> [Source data]:
☆ ☆ ☆ ☆ ☆

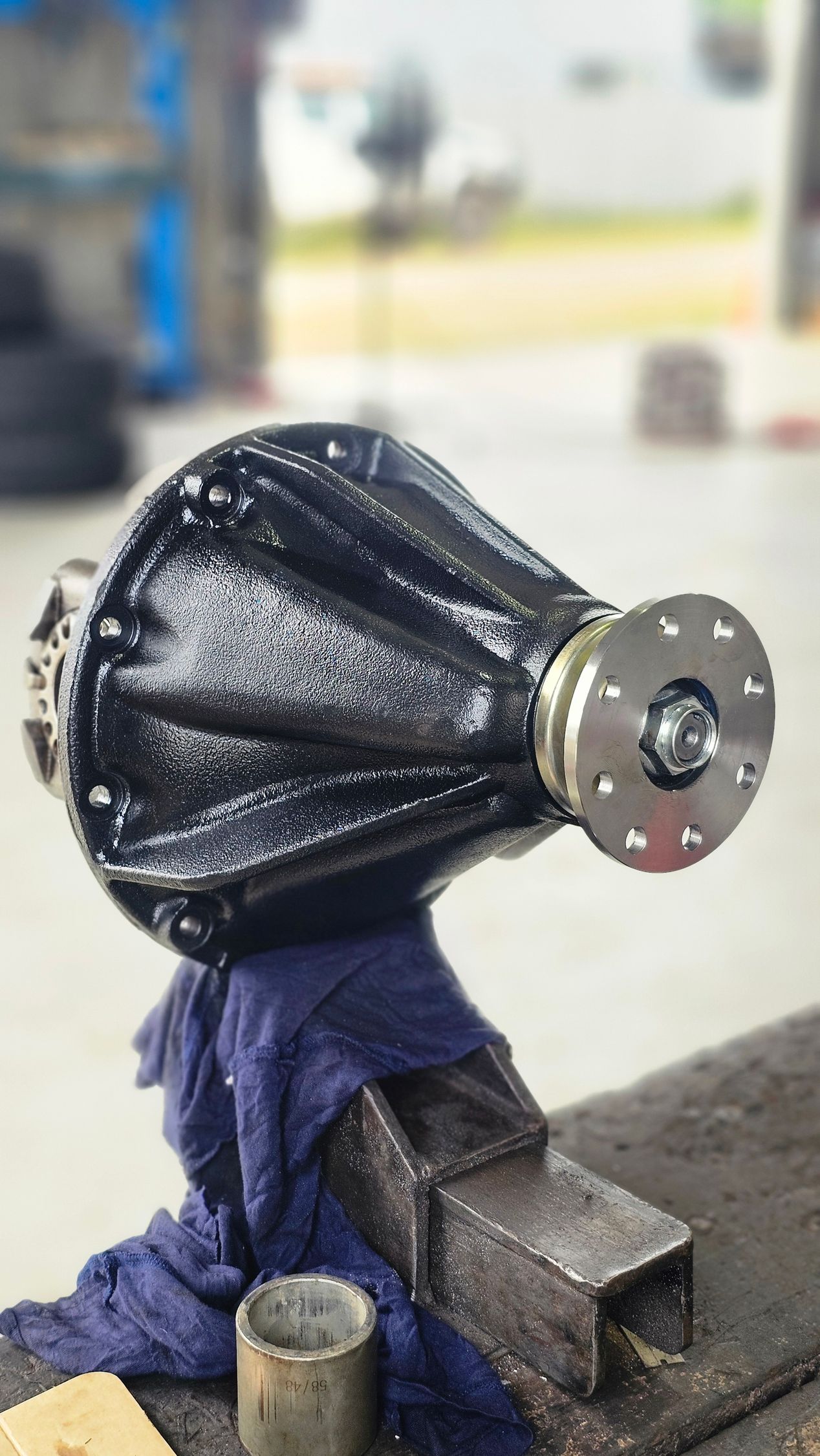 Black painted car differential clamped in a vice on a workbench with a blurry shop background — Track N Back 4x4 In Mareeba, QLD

☆ ☆ ☆ ☆ ☆

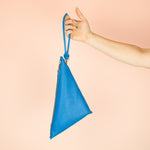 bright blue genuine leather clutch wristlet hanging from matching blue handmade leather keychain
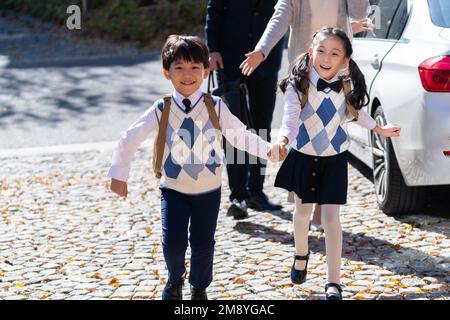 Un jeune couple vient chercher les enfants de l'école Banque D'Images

☆ ☆ ☆ ☆ ☆

> [Task directions]: Output exactly the lines above, from the line with "bright blue genuine" to the line with "Un jeune couple", both included; skip the pictures.

> [Exercise answer]:
 bright blue genuine leather clutch wristlet hanging from matching blue handmade leather keychain
 Un jeune couple vient chercher les enfants de l'école Banque D'Images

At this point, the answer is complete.